Speaker Bio: Dennis Cai currently leads the Global Network Infrastructure Division at Alibaba Cloud. Previously he held positions as the Chief Network Architect and the Head of high-performance network team. Dennis has played a pivotal role in the design and deployment of Alibaba Cloud’s cutting-edge hyperscale data center network, as well as the specialized high-performance network framework for AI clusters. Before his tenure at Alibaba Cloud, Dennis enriched his vast experience as a Distinguished Engineer and the Lead Architect for network solutions in Cisco's Service Provider Business Unit.
Kun Tan
Director and Chief Expert of Distributed and Parallel Software Lab, 2012 Labs, Huawei
Talk Title:
Serverless AI on SuperPODs
Abstract: Modern large Al models demands tremendous computing power and highspeed interconnections, which may be provided with only purposely-built infrastructures or Al SuperPODs. However, managing such powerful computing infrastructure is a challenging task. Enterprise developers may face many difficult issues, such as long downtime as the infrastructure goes more complex, great efforts to parallelize their Al workloads, non-linear performance due to non-optimized resource scaling, and inefficient resource utilization. We argue that a developer-centric platform that contains a full software stack and provide a serverless abstraction is needed to ease the burden of enterprise developers for Al applications. In this talk, we introduce some of our early efforts on building a serverless Al platform on SuperPODs. We will discuss our design of a distributed serverless kernel and its programming interface for both general-purpose and high-performance computing. Then, I will talk several joint system optimizations enabled by our platform due to native integration of full-stack capabilities.
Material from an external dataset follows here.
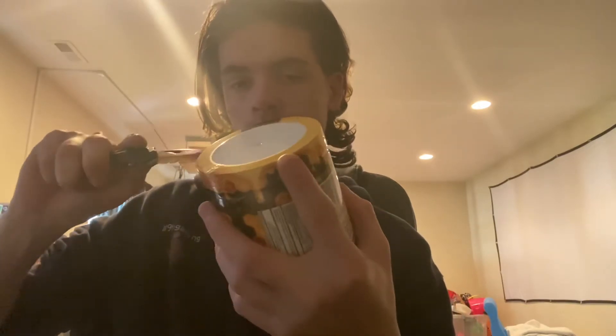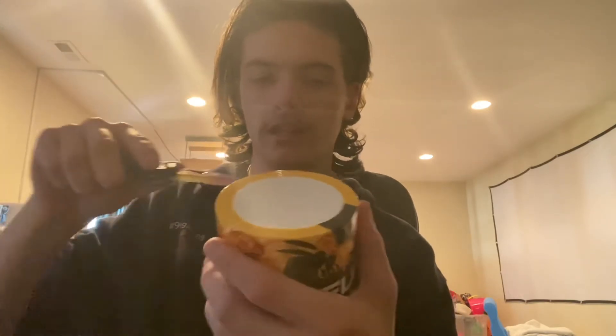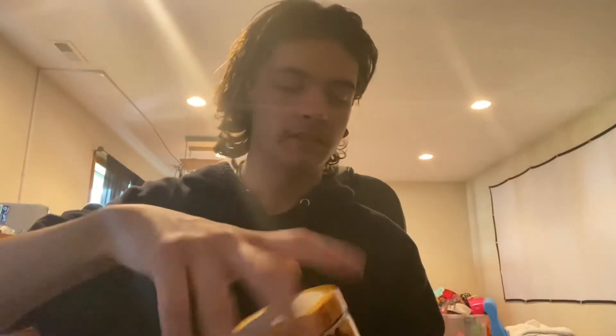There we go, got it open. Now this is actually a pretty sick G Fuel tub. I like the detail of the honeycomb all around it, and the honey dripping down. There are some spots that are black, most are yellow. It is a pretty decent tub. I really like how it looks — I think it's a nice design. And I'm hoping we have a new favorite right here.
Speaker Bio: Dr. Kun Tan is Director and Chief Expert of Distributed and Parallel Software Lab, 2012 Labs, Huawei. His team develops cutting-edge Al framework, cloud native, big data analytics, and cloud networking technologies for many Huawei products. He is Huawei Scientist. Before joined Huawei, he was Research Manager and Senior Researcher of Wireless and Networking Group, Microsoft Research Asia. He won USENIX Test-of-Time Award in 2019 and USENIX NSDI Best Paper Award in 2009.
James Hongyi Zeng
Senior Engineering Manager, AI Networking Software team at Meta
Talk Title:
AI Networking at Meta
Abstract: Meta operates one of the largest data center networks specifically designed for distributed training. This talk walks through the evolution of design, implementation, and operation of such AI networking against a constantly changing and increasing diverse distributed training workload. We also discuss challenges that we have encountered along the way.
Speaker Bio: James Hongyi Zeng joined Meta networking group in 2014. Currently he leads the AI Networking Software team at Meta, focusing on building RDMA-based GPU-GPU communication fabric and host software. James received his PhD degree on computer networking from Stanford University.